**How to complete this task**
Skip pictures in the listing below; copy exactly the lines from the one with "3 STERLING SILVER" through the one with "Vista 4-Light Vanity", inclusive.

**Record set**
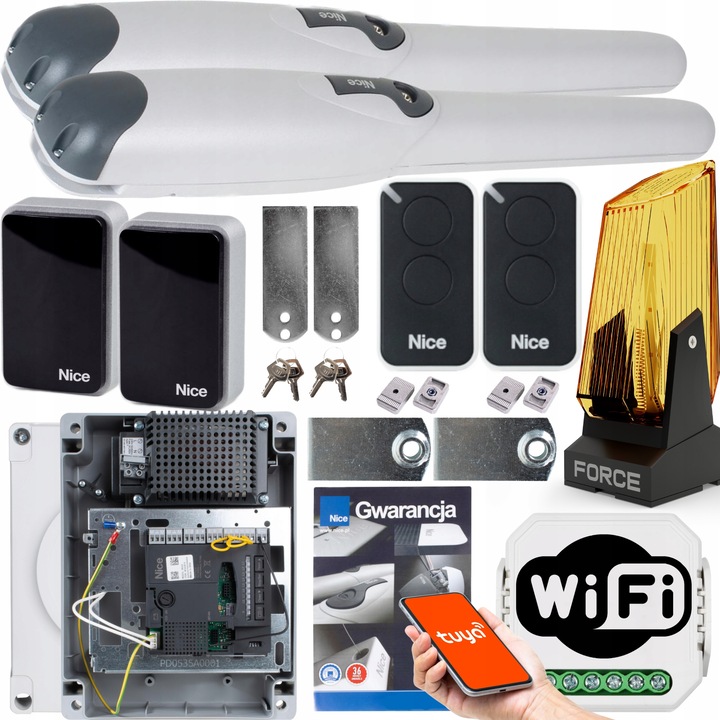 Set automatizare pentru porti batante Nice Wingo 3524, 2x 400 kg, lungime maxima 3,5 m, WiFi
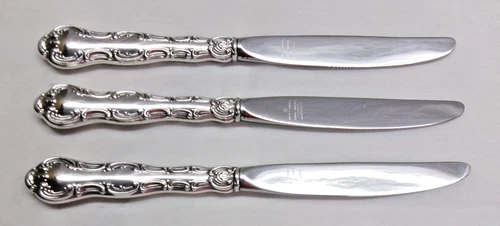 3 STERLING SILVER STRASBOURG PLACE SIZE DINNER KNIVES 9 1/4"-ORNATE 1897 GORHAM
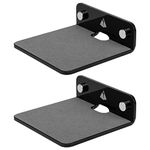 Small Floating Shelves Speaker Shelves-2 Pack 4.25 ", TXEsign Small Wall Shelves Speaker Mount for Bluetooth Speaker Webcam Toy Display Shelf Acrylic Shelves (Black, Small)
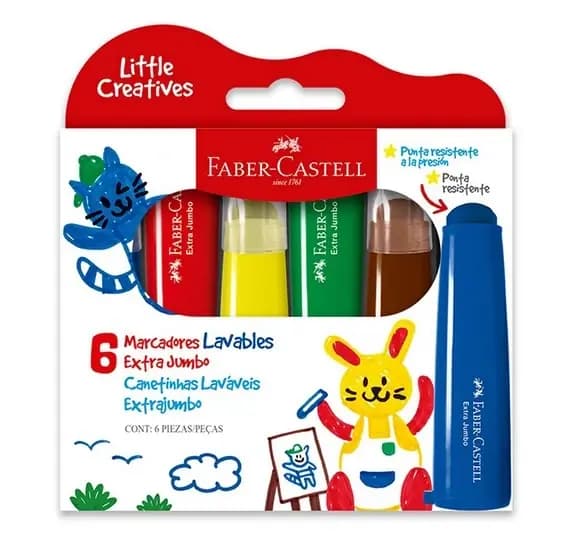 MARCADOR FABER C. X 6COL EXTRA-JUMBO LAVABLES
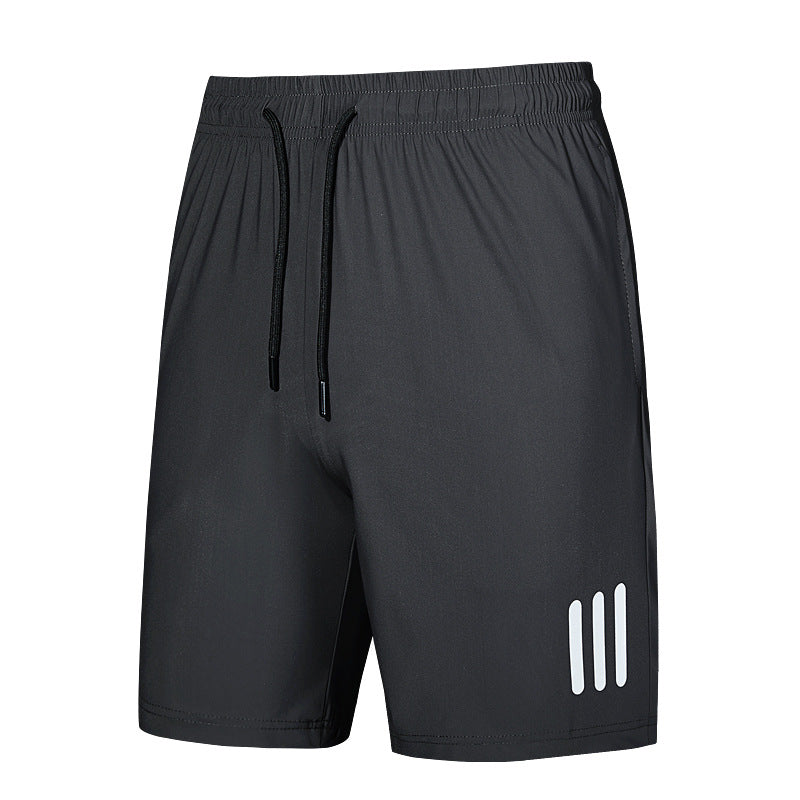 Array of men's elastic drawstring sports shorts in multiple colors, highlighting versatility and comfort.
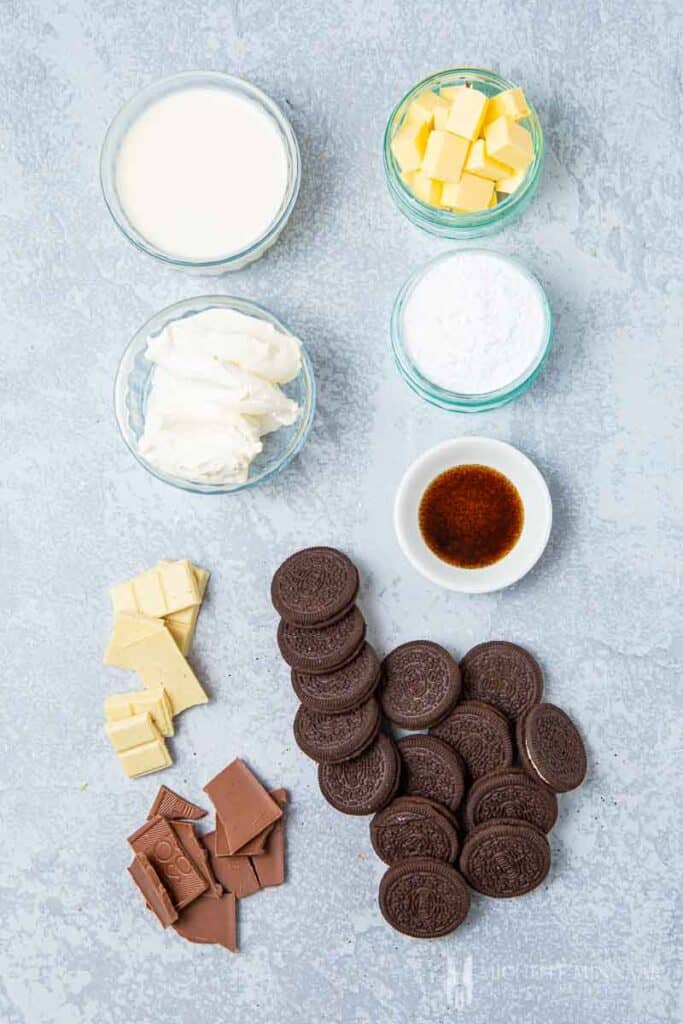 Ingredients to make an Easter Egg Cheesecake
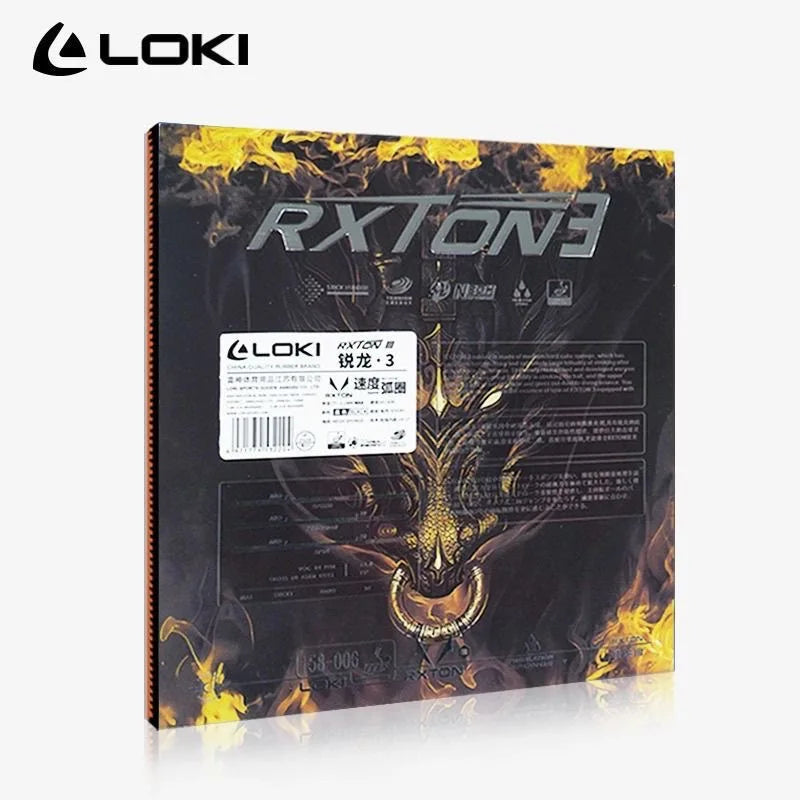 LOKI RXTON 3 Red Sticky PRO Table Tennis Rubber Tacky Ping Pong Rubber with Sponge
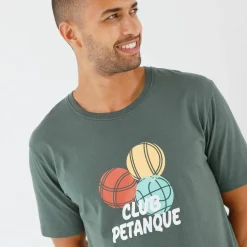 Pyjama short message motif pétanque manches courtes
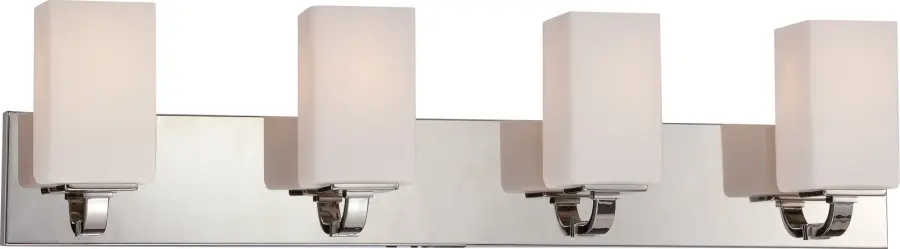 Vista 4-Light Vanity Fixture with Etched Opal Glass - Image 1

...

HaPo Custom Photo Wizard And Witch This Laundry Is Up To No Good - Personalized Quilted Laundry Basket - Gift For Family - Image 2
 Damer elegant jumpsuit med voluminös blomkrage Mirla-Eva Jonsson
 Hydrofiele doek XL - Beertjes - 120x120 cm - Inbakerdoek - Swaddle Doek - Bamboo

**Written answer**
 3 STERLING SILVER STRASBOURG PLACE SIZE DINNER KNIVES 9 1/4"-ORNATE 1897 GORHAM
 Small Floating Shelves Speaker Shelves-2 Pack 4.25 ", TXEsign Small Wall Shelves Speaker Mount for Bluetooth Speaker Webcam Toy Display Shelf Acrylic Shelves (Black, Small)
 MARCADOR FABER C. X 6COL EXTRA-JUMBO LAVABLES
 Array of men's elastic drawstring sports shorts in multiple colors, highlighting versatility and comfort.
 Ingredients to make an Easter Egg Cheesecake
 LOKI RXTON 3 Red Sticky PRO Table Tennis Rubber Tacky Ping Pong Rubber with Sponge
 Pyjama short message motif pétanque manches courtes
 Vista 4-Light Vanity Fixture with Etched Opal Glass - Image 1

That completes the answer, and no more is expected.